With impressive black and white photographs, the American photographer JAMEY STILLINGS (*1955) documents the construction of “Ivanpah”, the largest concentrated solar power station in the world located in the Californian Mojave Desert. The videos from the Korean artist HAN SUNGPIL (*1972) show clouds of steam from French nuclear power plants – sometimes in poetic shapes and then as mysterious smoke signals of technology. The German photographer MATTHIAS JUNG (*1967) examines how the open-pit mining of brown coal between Cologne and Aachen caused landscapes, villages and their inhabitants to change and even disappear with his long-term project “Revier”.
OLAF OTTO BECKER (*1959) also searches for traces of human interference: his images of melting glaciers and snowfields convey the grandeur and vulnerability of icescapes – and the noticeable consequences of global warming.
An almost intimate view of the regenerative power and beauty of nature is shown by the American photographer JANELLE LYNCH (*1969) with portraits of tree stumps upon which new life is growing. The Chinese landscapes that the photography couple KATE & GEIR JORDAHL (*1959/*1957) orchestrate with the help of a wide-angle lens seem almost magical. Comparatively powerful, on the other hand, are the green areas on the roofs of high-rise office buildings with which BRAD TEMKIN (*1956) points out the trend of urban gardening.

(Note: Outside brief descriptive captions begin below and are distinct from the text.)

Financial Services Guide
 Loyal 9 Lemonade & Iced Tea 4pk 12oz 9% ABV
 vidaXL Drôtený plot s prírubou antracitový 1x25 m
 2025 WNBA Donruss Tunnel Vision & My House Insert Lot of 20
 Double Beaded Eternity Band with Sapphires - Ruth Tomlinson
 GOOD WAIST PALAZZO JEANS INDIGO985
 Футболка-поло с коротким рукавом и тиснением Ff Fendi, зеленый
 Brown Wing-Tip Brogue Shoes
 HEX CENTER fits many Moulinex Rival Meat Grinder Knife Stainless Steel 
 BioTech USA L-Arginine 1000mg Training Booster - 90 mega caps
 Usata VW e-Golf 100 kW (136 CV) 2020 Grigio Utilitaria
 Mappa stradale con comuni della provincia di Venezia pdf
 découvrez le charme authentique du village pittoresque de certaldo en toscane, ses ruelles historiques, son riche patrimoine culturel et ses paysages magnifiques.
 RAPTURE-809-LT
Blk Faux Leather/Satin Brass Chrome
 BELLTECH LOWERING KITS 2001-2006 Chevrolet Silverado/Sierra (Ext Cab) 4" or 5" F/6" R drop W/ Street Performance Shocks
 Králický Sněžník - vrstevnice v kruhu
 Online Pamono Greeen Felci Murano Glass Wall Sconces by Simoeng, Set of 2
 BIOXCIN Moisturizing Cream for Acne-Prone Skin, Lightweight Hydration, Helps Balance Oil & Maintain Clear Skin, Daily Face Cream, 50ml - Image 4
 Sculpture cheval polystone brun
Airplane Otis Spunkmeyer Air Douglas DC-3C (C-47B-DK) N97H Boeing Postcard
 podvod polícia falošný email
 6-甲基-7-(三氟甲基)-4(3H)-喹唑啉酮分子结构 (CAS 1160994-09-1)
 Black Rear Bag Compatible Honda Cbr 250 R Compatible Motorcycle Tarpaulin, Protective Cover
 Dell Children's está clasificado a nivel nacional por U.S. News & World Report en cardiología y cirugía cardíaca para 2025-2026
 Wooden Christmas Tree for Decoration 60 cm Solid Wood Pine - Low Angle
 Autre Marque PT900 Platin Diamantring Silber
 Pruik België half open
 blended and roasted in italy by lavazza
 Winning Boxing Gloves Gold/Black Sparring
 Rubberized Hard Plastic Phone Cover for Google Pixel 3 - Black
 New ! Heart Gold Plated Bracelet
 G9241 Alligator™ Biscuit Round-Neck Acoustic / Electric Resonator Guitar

FEDERICO WINER (*1973) and ALEJANDRO DURÁN (*1974) literally develop uncharted territory: the Argentinean Winer assembles digitally processed satellite images of the earth to form “Monsters”. Durán stages carefully sorted plastic waste from the ocean into realistic Mexican landscapes. These wonders of the world make us open our eyes to the unexpected as well as question how they came to be.